Cash and Cash Equivalents – We consider all demand deposits and money market accounts purchased with a maturity date of three months or less at the date of purchase to be cash equivalents. Our account balances at one or more institutions periodically exceed the Federal Deposit Insurance Corporation (“FDIC”) insurance coverage and, as a result, there is concentration of credit risk related to amounts on deposit in excess of FDIC coverage. We mitigate this risk by depositing a majority of our funds with several major financial institutions. We also have not experienced any losses and do not believe that the risk is significant.
Revenue Recognition – We derive our revenues from leases with customers for data center space which include lease components and nonlease revenue components, such as power, tenant recoveries, and managed services. We have elected the available practical expedient under ASC Topic 842, Leases, to combine our nonlease revenue components that have the same pattern of transfer as the related operating lease component into a single combined lease component. The single combined component is accounted for under ASC Topic 842 if the lease component is the predominant component and is accounted for under ASC Topic 606 if the nonlease components are the predominant components. In our contracts, the single combined component is accounted for under ASC Topic 842 as the lease component is the predominant component.
A description of each of our disaggregated revenue streams is as follows:
Rental Revenue
Our leases with customers are classified as operating leases and rental revenue is recognized on a straight-line basis over the customer lease term. Occasionally, customer leases include options to extend or terminate the lease agreements. We do not include any of these extension or termination options in a customer’s lease term for lease classification purposes or recognizing rental revenue unless it is reasonably certain the customer will exercise these extension or termination options.
Rental revenue also includes revenue from power delivery on fixed power arrangements, whereby customers are billed and pay a fixed monthly fee per committed available amount of connected power. These fixed power arrangements require us to provide a series of distinct services and to stand ready to deliver the power over the contracted term which is co-terminus with the lease. Customer fixed power arrangements have the same pattern of transfer over the lease term as the lease component and are therefore combined with the lease component to form a single lease component that is recognized over the term of the lease on a straight-line basis.
In addition, rental revenue includes straight-line rent.

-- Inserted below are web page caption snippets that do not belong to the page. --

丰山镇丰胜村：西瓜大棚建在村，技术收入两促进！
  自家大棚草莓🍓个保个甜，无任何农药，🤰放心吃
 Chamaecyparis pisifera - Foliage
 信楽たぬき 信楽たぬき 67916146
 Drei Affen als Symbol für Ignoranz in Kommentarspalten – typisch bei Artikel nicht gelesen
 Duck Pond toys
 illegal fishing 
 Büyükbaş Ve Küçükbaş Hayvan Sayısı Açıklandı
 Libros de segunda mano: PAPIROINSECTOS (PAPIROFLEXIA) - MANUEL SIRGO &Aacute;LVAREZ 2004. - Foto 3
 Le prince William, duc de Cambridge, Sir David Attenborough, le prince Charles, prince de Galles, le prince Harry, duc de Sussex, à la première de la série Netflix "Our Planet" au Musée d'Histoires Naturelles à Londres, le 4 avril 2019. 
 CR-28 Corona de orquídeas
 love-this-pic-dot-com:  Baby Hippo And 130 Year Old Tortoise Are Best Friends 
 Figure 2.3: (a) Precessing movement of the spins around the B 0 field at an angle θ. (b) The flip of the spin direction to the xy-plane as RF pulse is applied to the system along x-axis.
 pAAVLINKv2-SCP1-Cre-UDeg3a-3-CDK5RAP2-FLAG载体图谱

Straight-line rent represents the difference in rents recognized during the period versus amounts contractually due pursuant to the underlying leases and is recorded as deferred rent receivable/payable in the consolidated balance sheets. For lease agreements that provide for scheduled rent increases, rental income is recognized on a straight-line basis over the non-cancellable term of the leases, which commences when control of the space has been provided to the customer. The amount of the straight-line rent receivable on the balance sheet included in rents and other receivables, net was $71.0 million and $63.6 million as of March 31, 2021 and December 31, 2020, respectively.
Rental revenue also includes amortization of set-up fees which are amortized over the term of the respective lease as discussed below in the "Deferred Income" section.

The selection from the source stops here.